Standards

Standardization and Management

By Rom Antony Day

Friday, December 14, 2007

Taylor, in his writing of Shop Management, made it clear that the key concept which he believed in and defended was not any particular wage system; instead it was the principle of standardization based on scientific investigation of real, tangible and measurable results. (Frank Barkley Copley; Frederick W. Taylor Father of Scientific Management; Volume II, 1923 and reprinted 1969; library of Congress Catalogue Card Number 68-55515 Vol. 2; page 173).
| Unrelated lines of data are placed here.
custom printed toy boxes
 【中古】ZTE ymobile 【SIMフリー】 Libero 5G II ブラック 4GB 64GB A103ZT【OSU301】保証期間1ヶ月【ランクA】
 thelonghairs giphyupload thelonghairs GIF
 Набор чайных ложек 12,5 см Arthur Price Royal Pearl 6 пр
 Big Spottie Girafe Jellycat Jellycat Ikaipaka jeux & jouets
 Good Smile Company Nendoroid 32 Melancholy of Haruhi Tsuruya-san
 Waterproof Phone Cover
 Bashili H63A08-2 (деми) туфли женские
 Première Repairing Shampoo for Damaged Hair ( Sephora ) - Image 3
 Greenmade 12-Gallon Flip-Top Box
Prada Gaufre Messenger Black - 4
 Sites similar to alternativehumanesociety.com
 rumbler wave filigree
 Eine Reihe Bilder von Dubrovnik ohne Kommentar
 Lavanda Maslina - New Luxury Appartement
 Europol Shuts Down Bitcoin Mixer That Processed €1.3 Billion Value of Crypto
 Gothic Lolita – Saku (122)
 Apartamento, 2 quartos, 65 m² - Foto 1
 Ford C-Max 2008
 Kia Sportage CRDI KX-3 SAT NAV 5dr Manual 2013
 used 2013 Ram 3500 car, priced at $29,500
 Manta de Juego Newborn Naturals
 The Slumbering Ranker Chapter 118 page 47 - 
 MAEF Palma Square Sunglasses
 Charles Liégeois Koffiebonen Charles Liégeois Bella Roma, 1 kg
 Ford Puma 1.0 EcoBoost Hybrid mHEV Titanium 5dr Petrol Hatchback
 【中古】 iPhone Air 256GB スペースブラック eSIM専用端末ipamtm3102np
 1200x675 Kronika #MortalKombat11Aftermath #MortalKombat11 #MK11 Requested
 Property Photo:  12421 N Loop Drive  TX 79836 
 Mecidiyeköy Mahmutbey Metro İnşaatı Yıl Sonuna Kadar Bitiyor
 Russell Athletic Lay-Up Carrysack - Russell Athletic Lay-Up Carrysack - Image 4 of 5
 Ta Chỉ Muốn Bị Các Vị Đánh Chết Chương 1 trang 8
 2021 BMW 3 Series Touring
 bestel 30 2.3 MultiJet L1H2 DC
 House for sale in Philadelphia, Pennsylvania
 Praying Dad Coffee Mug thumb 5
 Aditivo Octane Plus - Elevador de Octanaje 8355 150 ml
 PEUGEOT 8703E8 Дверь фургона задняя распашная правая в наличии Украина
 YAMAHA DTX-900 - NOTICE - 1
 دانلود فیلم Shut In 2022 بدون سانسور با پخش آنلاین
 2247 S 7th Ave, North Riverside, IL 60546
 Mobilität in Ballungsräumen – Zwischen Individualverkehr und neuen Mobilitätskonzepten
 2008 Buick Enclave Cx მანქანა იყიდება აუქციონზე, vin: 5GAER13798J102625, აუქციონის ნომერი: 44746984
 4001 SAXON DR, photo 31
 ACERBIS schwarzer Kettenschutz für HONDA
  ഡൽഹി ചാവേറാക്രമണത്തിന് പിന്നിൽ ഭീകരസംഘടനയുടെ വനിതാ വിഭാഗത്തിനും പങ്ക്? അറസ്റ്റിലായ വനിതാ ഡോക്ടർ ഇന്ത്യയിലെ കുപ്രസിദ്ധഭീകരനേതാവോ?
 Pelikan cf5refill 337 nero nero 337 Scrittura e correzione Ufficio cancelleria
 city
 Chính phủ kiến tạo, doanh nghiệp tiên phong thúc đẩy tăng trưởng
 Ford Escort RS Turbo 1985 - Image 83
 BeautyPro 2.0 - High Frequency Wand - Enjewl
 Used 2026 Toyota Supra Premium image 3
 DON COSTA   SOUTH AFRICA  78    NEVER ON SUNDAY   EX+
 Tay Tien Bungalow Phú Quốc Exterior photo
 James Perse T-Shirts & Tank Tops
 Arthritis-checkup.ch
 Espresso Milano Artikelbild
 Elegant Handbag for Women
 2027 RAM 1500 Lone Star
According to Frank Barkley Copley Shop Management, written by Frederick W. Taylor, is where for the first time in the history of management reference can be found to a semi-complete management system. While he worked at the Bethelham Company, he in addition to having in mind and using certain new and improved mechanisms and methods of management (e.g. time card, sliding rule, documentation for individual responsibility / accountability, matching task difficulty with best qualified equipment and / or individual or in some cases animal such as the horses example in the executive summary Definition of The Term- First-Class Men by Rom Antony Day; 2007), had moved beyond the independent existence of such methods and mechanisms. Taylor was able to link them together, see and coordinate their uses as to make their interplay a relationship of multiple methods, used to evaluate and measure different variables associated with a job. These methods and systems, he worked out and developed to improved stages, resulted in the formation of an improved system of professional scientific management of a higher caliber than its independent new parts (methods and mechanisms) he developed. That is where the more advanced, complex, well thought out professional scientific management system we tap into today appears to have been born.

We now refer to it or use more fancy terms such as Industrial and Organizational Psychology, organizational behavior, organizational development, applied Psychology at work, the psychology of work, motivation at work, personnel management; and to some of its sub-parts or applications we often refer to as human resources and lately as human capital management.